Hay novelas como esta de Luis Martín-Santos (publicada en 1961, tres años antes de la muerte del autor y debidamente censurada, pues velada o no ahí está la crítica al Régimen) que uno sabe que va a releer pasado un tiempo, así Tiempo de silencio. Una novela estupenda con unos diálogos muy jugosos, donde se valida aquello de que el «hambre es la medida de todas las cosas» porque si en otras novelas de la posguerra (ésta ambientada a finales de los cuarenta) como Antagonía o El gran momento de Mary Tribune, que he leído recientemente, los personajes eran propios del indolente mundo burgués, en esta novela, conocemos la vida madrileña arrabalera, el malvivir en chabolas, entre mugre, hambre y desamparo, en covachas precarias y arracimadas, como quistes del progreso, cuya visión molesta, y lo conocemos porque un investigador entregado a conocer más cosas sobre el cancer -enfermedad que mataba antes, hace cinco décadas, y mata todavía más ahora- se mueve en esos ambientes donde un fulano le proporciona los ratones que este precisa para sus investigaciones.
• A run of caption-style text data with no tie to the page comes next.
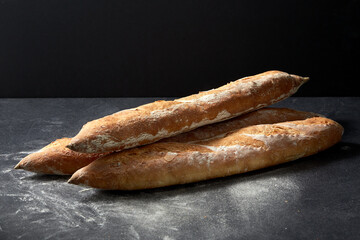 food, baking and cooking concept - pile of baguette bread on table over dark background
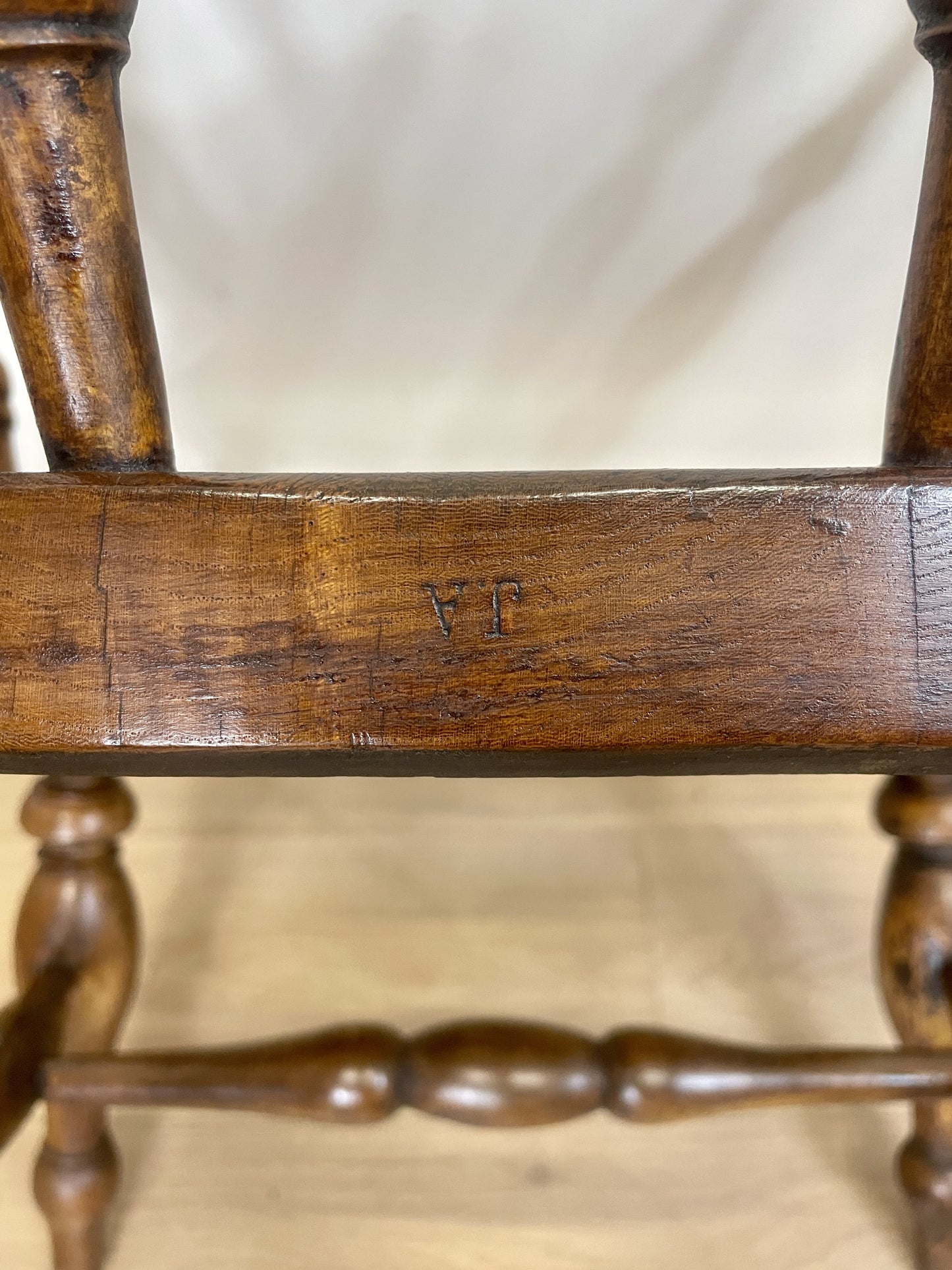 Close-up of a wooden chair with visible wear and a blurred background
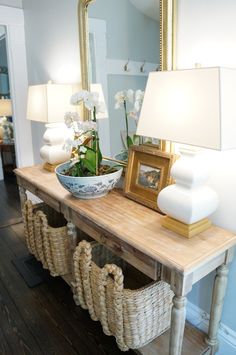 a wooden table topped with a bowl of flowers next to a mirror and lamp on top of it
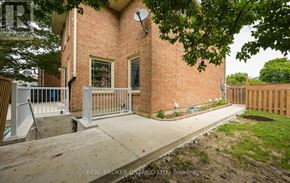 Brampton (Brampton South) apartment for rent - A brick house with a white fence and a tree in front.
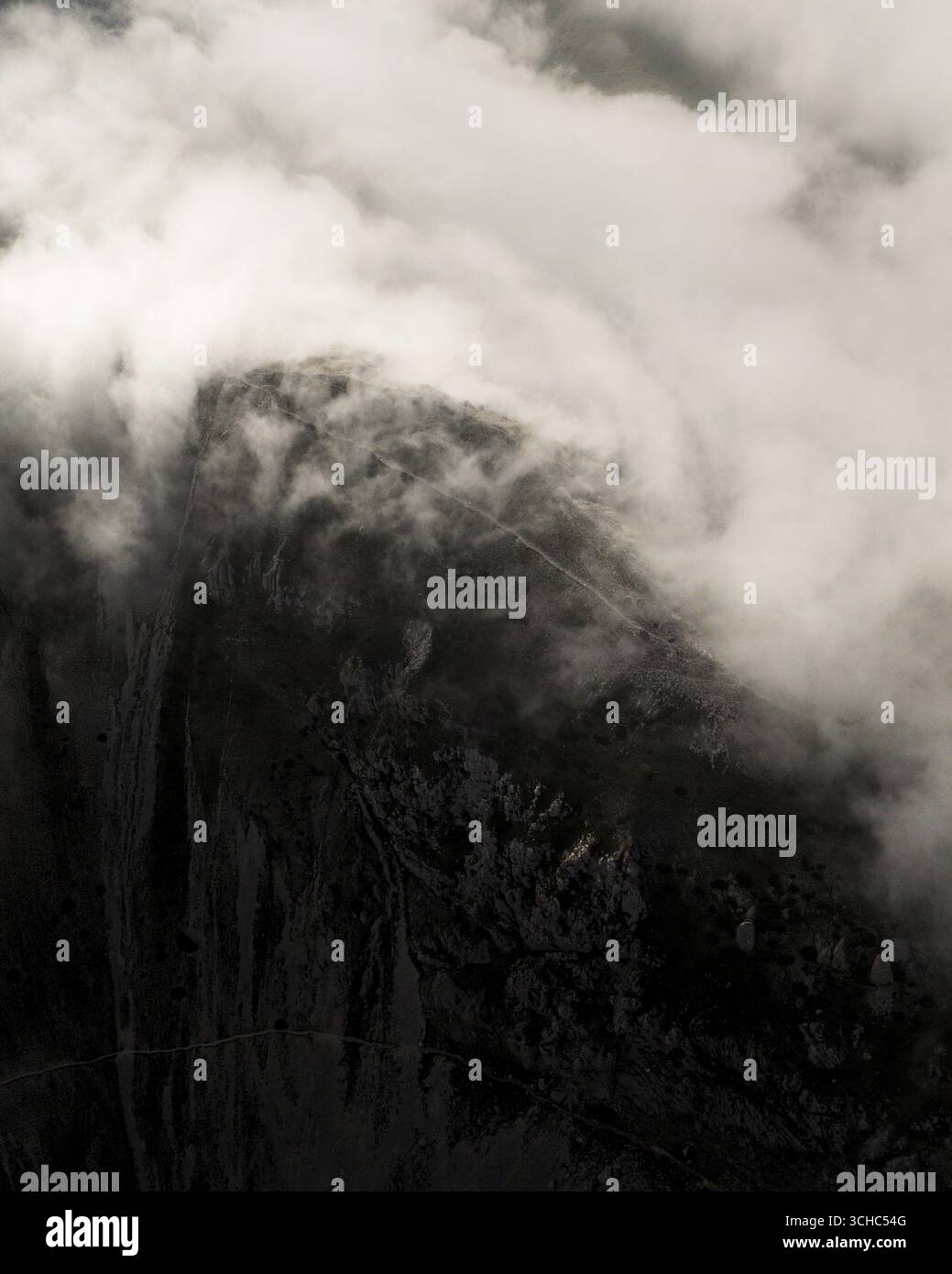 Aerial view of a mountain peak shrouded in ethereal mist and cloud, its ...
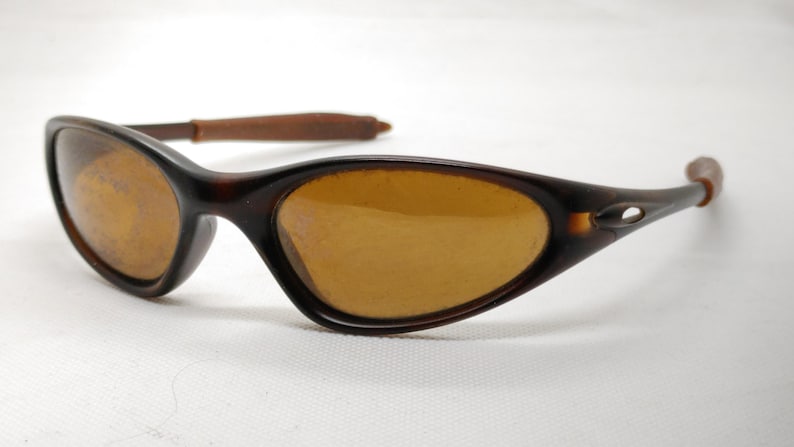 Puede incluir: Gafas de sol ovaladas marrones con lentes &aacute;mbar y montura marr&oacute;n oscuro. Las patillas son de un marr&oacute;n m&aacute;s claro. Las gafas de sol est&aacute;n sobre un fondo blanco.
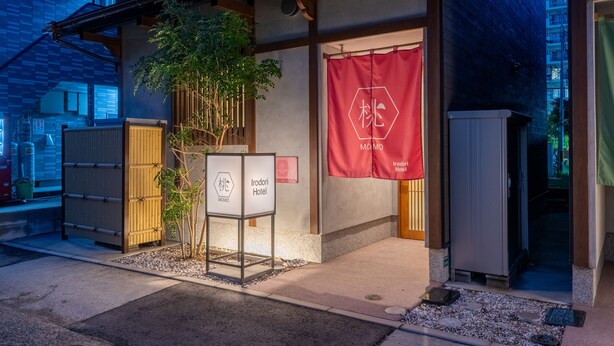 A traditional Japanese building with a red banner, a signboard, and a small tree. - Irodori Hotel MOMO (fukuokashi,hakataku,katakasu)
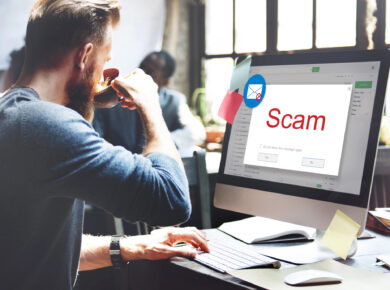 How To Recognize And Avoid Phishing Scams 3 A man is sitting at a desk in front of a computer. The screen displays a warning message with the word "scam" in large red letters, indicating potential phishing scams. The man is drinking from a cup while looking at the screen. The desk has various office supplies on it.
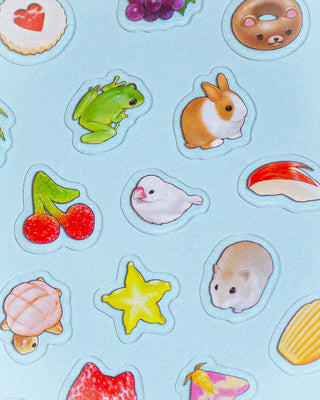 Collection of colorful animal and fruit stickers on a light blue background
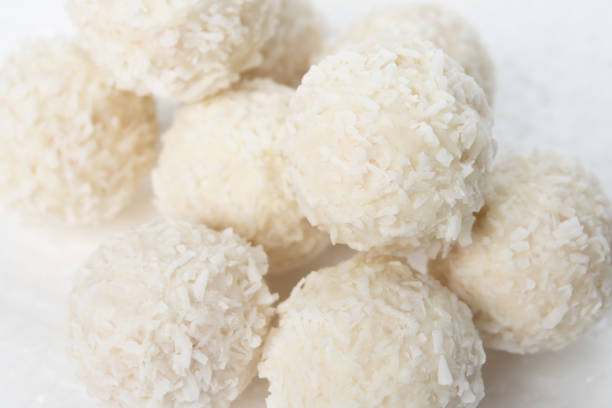 istock Sweets with almonds and coconut closeup on a white background 1205310689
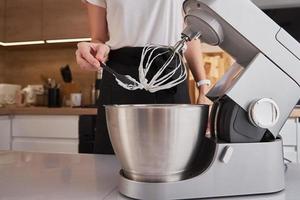 Woman using food processor to cooking in kitchen photo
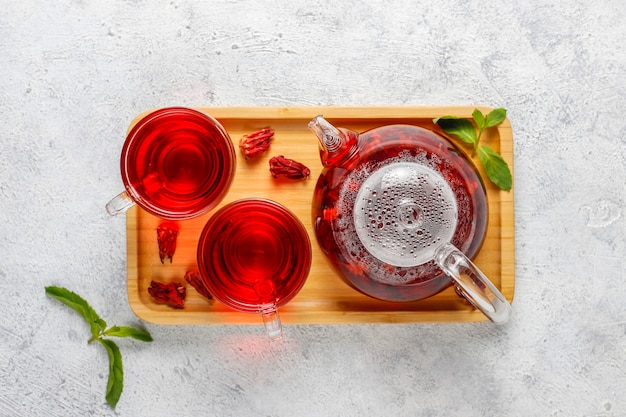 Hot hibiscus tea in a glass mug and glass teapot.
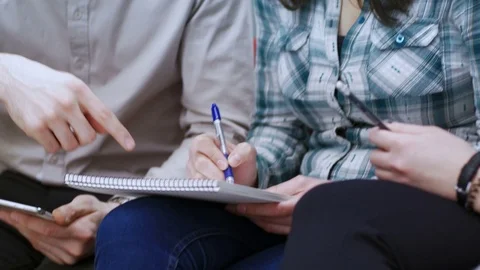 Close-up of team writing a business plan at the office Stock Footage 75552744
Si algo define esta novela, más allá de toda suerte de técnicas narrativas (incluso un microensayo sobre Cervantes), que nos podrán resultar tan atractivas o no como la jerga científica que maneja Santos, es la intensidad, la profundidad de cómo cala aquello que se lee, como por ejemplo, las mujeres empollando los ratones, el tan bien recreado ambiente prostibulario, tan sórdido, lúgubre y degradante, o cuando Pedro es detenido y sentimos lo que es estar preso, la indefensión, lo vulnerable de la naturaleza humana fuera de la zona de confort, sin la ducha diaria, sin las sabanas limpias, con el ronroneo estomacal, con el miedo metido en el cuerpo, y la sensación de que la fuerzas de seguridad pueden impunemente hacer con los presos lo que les plazca, pues estos firmarían cualquier cosa que les pusieran delante con tal de no ser o de seguir siendo torturados.
Baraja el autor elementos clásicos como Edipo, ya ciego, como la furia vengadora de Clitemnestra, elementos trágicos, presentes en el fatal desenlace de la novela, donde siempre pagan el pato los mismos, y donde cerrar el pico y dejar que hable el silencio sería ya para estos desheredados, un imperativo.
Traigo aquí las palabras que Juan Benet dedicó a esta novela cuando se publicó: Una novela con fondo de verbena y vida de pensión, y una puñalada; es costumbrismo puro a lo Mesonero Romanos. Además tiene el concepto del humor confundido. La ironía, que alcanza en alguna ocasión cotas muy altas, no se mantiene a lo largo del libro.